Objectors at Dyce Camp in Aberdeen, where they faced 10 years of hard labour. Photograph: Religious Society of Friends (Quakers) in Britain
The list includes Horace Eaton, a 27-year-old from Bradford who believed war symbolised “the teaching of hatred and murder”, James Burchell, a gardener from Scarborough who regarded every life as sacred, and Norman Gaudie, a railway clerk, footballer for Sunderland reserves and committed pacifist.
All three were among the 20,000 men who registered as conscientious objectors in the first world war for religious, moral or political reasons.
Their stories are part of a heritage project, announced on Friday, which will recognise for the first time the names of 400 men who were barracked or imprisoned at Richmond Castle in North Yorkshire because they objected to conscription.
Conscientious objection. It seems an odd thing nowadays when whole countries like the U.S. cannot muster the congressional backbone to fight the country's 19-year-old war in Afghanistan.
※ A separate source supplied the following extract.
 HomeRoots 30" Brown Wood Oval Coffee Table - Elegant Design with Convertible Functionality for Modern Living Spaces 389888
There was a time when the excoriation of such objectors was fierce. And the backbone it took to take a conscientious objector's stance was far from applauded. World War I, World War II ... the list goes on.
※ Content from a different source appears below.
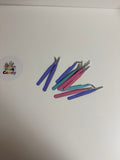 Creative Tweezers in pastelkleuren op witte achtergrond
In the college I more or less attended (Colby in Maine), there was mandatory ROTC -- Reserve Officer Training Corps. Everyone had to take it. I pleaded conscientious objector before some sort of colonel (as I recall) who, without much demurer, allowed me to do so and thus I evaded the college format.

I pleaded conscientious objector, my status was granted AND...

Two years later I had signed on for three years in the army -- a federal mandate at the time. Why the change of heart? Well, first of all, a 19-year-old is never entirely clear in his philosophies. But second, and somehow nagging, I wanted the experience... to acknowledge my killer and cope with it. As it happened, I served my three-year hitch without incident and was never forced to kill anyone. Now I can say I've been in the army ... and I don't doubt that I am still a killer, potential or otherwise. I may wish I were better and I firmly believe that killing another human being is directly wired into killing yourself, but I prefer to do what I can to be honest.

A 19-year-old's philosophies may be flummoxed, but that does not prove a 69-year-old's are significantly cogent and serene by comparison.

But my admiration mat is out for those who plead(ed) conscientious objector.